## Your task
Retype the listing below line for line, but only from the line with "2.0 TDI L2H1" down to the line with "Budget Host Village Inn", inclusive. Pictures stay out.

====== Supplied records ======

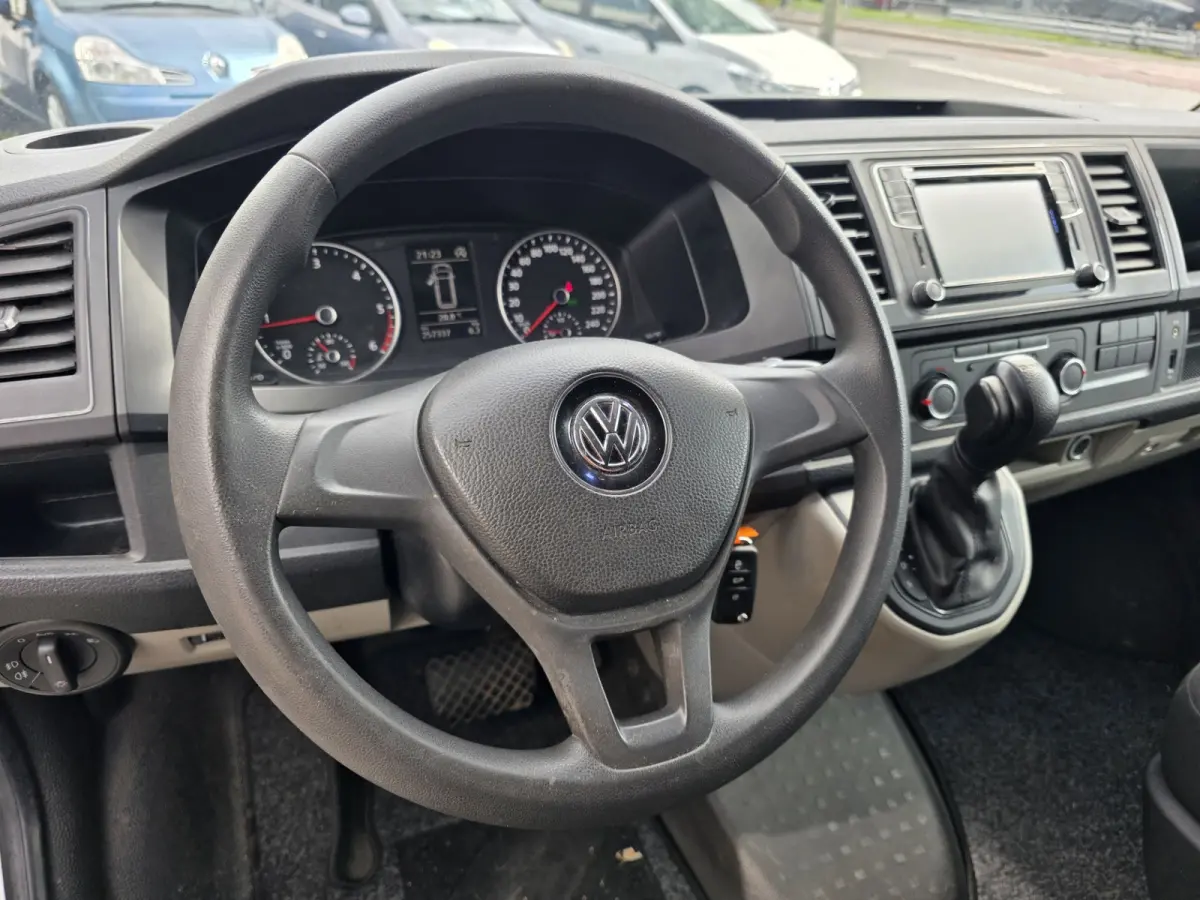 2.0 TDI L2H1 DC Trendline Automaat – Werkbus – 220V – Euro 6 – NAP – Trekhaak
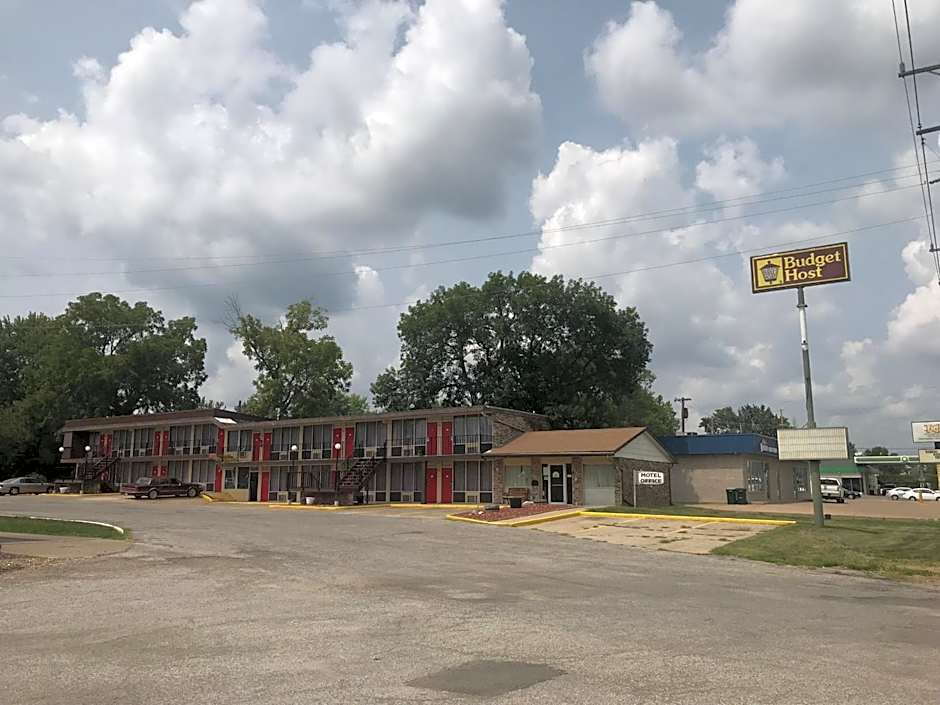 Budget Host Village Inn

======
====== Supplied records ======

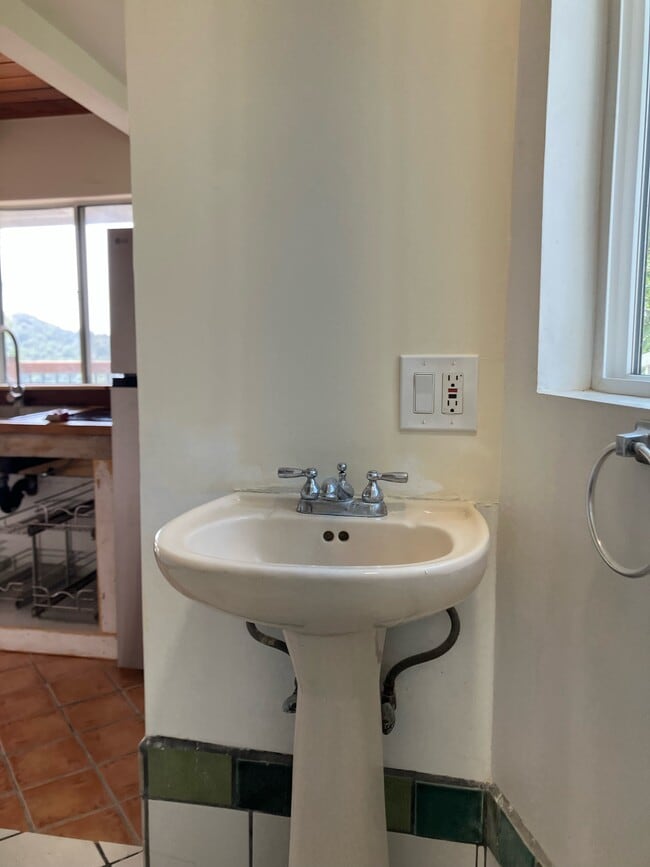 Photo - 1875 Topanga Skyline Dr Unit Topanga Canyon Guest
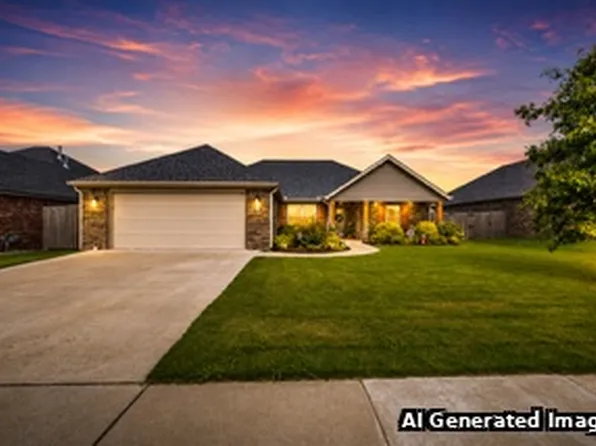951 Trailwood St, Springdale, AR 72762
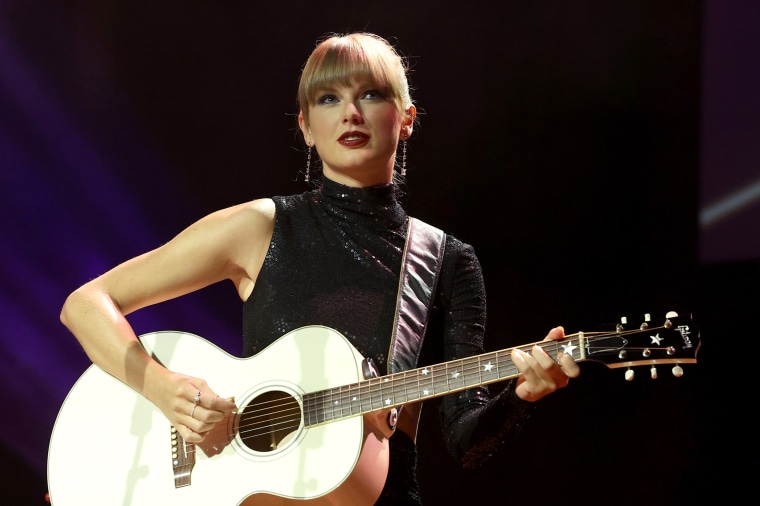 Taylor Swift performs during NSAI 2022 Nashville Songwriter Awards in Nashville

======
====== Supplied records ======

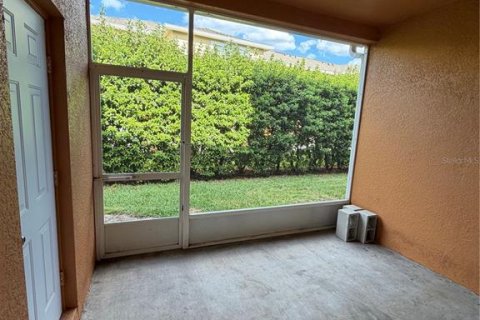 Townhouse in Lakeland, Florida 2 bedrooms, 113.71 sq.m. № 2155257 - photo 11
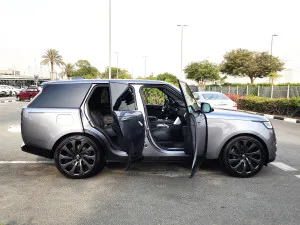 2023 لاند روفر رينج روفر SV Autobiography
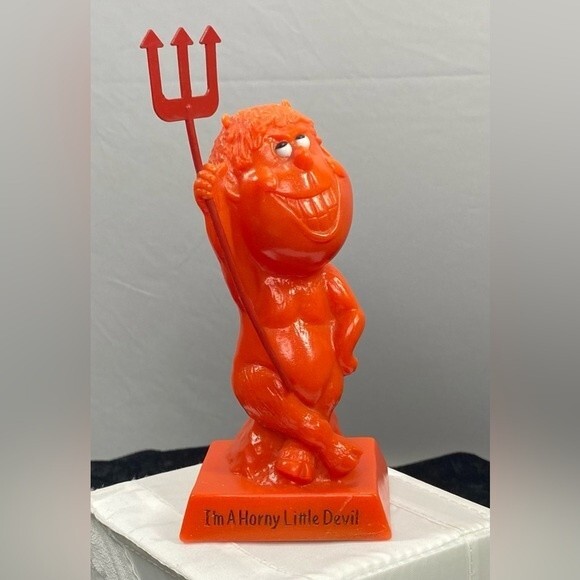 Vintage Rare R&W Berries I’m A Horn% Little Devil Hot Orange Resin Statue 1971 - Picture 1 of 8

======

## Response to this task
 2.0 TDI L2H1 DC Trendline Automaat – Werkbus – 220V – Euro 6 – NAP – Trekhaak
 Budget Host Village Inn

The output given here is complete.